Consider this query: how many apple records and how many banana records in the fruit table? The CCS paper and Opaque answer this query from two approaches.

The CCS paper answers the question based on two operators - mappers and reducer. The mapper filters out all the non-apple-banana records and the reducer count the number of apples and bananas. To hide leaky information (which input records are apples), the CCS paper introduces shuffler operator. Shuffler operates on the intermediate data and breaks the link between the intermediate key (apple) and the input records. Note that, even with this shuffler, the information like - how many apples - is still leaked.
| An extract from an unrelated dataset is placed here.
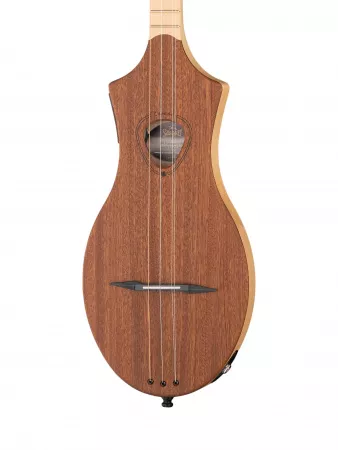 M4 Merlin Mahogany EQ Дульцимер со звукоснимателем, Seagull, 042517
The Opaque paper answers the question using one operator - oblivious sorter. In the first run, the input records are sorted by their fruit type, so that two apples are neighbors in the output. Next, the query could be answered by scanning the dataset. But this is not enough. When the dataset is too big to fit into one machine, the simple scan could still leak the information like - how many apples. To solve this problem, the Opaque first let machines to exchange some statistical information. After doing this, all the apples or bananas are extended to contain one information, the count. Note that only the last apple in the apple group contains the real count, the count attribute for all the other apples are just dummy value. And then, the Opaque apply oblivious sorter for the second time, with the count attribute being the sort key. After this, we only need to throw away the dummy items and the query can be answered.